Task prompt: Go through the entries below from the first line and transcribe each one exactly, ending with the line that contains "molecular formula C9H18N2O".
== Segment start ==
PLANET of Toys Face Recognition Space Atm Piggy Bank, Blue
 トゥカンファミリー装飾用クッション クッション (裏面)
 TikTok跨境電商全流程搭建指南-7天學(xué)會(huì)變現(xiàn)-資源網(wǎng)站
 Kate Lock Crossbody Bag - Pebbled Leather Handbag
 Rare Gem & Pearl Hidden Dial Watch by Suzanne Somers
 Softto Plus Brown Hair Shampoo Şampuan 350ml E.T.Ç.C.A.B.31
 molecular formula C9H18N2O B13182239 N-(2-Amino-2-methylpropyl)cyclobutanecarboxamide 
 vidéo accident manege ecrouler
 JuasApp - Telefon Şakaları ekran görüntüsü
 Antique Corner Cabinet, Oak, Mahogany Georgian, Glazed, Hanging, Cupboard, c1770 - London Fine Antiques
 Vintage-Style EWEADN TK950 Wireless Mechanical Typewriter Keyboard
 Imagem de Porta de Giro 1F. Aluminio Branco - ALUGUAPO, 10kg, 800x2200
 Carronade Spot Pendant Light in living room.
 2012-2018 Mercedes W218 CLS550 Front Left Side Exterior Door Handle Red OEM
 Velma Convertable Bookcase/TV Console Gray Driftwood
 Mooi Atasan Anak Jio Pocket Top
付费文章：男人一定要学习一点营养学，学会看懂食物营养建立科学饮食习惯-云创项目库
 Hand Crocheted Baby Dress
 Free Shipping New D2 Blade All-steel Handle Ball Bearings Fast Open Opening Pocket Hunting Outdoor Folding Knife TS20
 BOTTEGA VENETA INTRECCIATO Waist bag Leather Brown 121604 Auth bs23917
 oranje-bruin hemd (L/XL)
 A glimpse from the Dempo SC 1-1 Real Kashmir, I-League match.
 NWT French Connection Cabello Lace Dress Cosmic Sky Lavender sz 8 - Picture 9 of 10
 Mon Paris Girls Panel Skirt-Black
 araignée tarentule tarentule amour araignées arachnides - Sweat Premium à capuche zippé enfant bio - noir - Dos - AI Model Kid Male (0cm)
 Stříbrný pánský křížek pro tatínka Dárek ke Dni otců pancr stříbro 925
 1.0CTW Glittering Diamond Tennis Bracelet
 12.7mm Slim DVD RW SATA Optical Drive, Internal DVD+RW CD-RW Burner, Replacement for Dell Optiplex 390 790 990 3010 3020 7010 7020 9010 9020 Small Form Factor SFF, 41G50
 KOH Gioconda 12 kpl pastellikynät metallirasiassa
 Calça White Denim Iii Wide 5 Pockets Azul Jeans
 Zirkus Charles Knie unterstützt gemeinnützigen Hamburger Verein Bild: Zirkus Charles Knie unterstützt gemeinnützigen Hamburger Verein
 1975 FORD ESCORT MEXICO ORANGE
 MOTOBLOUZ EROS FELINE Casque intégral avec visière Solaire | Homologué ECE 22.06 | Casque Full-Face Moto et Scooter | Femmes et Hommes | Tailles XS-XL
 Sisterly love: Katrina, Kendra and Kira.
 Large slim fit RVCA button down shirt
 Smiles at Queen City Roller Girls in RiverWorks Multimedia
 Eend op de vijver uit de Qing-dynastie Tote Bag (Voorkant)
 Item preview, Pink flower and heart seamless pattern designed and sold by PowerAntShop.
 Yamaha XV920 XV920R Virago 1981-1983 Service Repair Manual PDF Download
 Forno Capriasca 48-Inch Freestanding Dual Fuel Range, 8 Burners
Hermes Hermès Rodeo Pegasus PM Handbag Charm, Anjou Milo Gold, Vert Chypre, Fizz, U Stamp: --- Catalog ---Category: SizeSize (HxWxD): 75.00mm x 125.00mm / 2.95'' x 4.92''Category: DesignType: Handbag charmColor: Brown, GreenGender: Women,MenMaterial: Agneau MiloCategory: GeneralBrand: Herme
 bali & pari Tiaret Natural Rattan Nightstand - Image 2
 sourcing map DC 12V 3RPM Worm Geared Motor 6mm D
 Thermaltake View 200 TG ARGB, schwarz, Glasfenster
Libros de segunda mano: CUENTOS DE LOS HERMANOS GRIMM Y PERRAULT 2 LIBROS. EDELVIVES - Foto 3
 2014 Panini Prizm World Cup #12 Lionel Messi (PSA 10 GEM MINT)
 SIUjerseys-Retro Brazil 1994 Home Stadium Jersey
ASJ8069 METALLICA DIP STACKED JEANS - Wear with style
== Segment end ==
Answer for this exercise:
PLANET of Toys Face Recognition Space Atm Piggy Bank, Blue
 トゥカンファミリー装飾用クッション クッション (裏面)
 TikTok跨境電商全流程搭建指南-7天學(xué)會(huì)變現(xiàn)-資源網(wǎng)站
 Kate Lock Crossbody Bag - Pebbled Leather Handbag
 Rare Gem & Pearl Hidden Dial Watch by Suzanne Somers
 Softto Plus Brown Hair Shampoo Şampuan 350ml E.T.Ç.C.A.B.31
 molecular formula C9H18N2O B13182239 N-(2-Amino-2-methylpropyl)cyclobutanecarboxamide 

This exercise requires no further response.